TASK DESCRIPTION — Below are the records; copy each line in which "Parts" can be found.

EXERCISE MATERIAL —
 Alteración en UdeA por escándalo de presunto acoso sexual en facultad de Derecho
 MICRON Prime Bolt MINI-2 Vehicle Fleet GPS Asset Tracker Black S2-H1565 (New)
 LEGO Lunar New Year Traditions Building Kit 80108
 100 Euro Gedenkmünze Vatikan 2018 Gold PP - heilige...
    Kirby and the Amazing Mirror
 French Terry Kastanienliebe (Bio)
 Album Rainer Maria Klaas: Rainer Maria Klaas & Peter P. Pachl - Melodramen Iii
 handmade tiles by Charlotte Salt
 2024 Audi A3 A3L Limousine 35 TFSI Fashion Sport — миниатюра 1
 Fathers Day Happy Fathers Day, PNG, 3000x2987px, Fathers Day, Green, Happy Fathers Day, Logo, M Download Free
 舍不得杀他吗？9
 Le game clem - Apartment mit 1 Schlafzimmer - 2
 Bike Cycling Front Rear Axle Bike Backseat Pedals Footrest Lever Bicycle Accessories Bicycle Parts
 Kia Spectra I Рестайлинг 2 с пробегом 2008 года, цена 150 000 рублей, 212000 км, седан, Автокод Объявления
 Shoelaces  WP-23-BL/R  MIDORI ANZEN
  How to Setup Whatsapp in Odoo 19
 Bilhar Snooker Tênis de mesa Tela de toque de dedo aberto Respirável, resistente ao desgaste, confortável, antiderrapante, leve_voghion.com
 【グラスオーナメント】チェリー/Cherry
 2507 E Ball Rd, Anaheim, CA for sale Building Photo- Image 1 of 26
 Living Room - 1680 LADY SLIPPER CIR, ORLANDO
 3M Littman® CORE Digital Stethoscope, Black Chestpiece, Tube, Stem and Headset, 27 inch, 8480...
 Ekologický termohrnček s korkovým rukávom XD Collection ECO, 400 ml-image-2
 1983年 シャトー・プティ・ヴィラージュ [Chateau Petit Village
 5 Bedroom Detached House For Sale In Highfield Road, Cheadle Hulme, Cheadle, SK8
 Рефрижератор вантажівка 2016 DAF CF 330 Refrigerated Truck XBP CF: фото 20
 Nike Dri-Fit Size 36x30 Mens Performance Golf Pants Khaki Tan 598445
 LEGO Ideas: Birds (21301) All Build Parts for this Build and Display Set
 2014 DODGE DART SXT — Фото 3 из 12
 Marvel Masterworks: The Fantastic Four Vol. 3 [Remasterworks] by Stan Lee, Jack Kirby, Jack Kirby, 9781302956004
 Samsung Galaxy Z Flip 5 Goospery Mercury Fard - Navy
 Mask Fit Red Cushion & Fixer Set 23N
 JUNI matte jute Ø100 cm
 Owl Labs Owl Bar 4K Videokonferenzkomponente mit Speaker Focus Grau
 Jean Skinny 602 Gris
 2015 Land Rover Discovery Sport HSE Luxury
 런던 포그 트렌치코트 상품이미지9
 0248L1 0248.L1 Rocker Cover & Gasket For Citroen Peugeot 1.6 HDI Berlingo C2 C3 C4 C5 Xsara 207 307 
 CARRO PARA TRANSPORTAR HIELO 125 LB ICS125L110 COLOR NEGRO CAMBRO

SOLUTION TO THE PROBLEM —
 Bike Cycling Front Rear Axle Bike Backseat Pedals Footrest Lever Bicycle Accessories Bicycle Parts
 LEGO Ideas: Birds (21301) All Build Parts for this Build and Display Set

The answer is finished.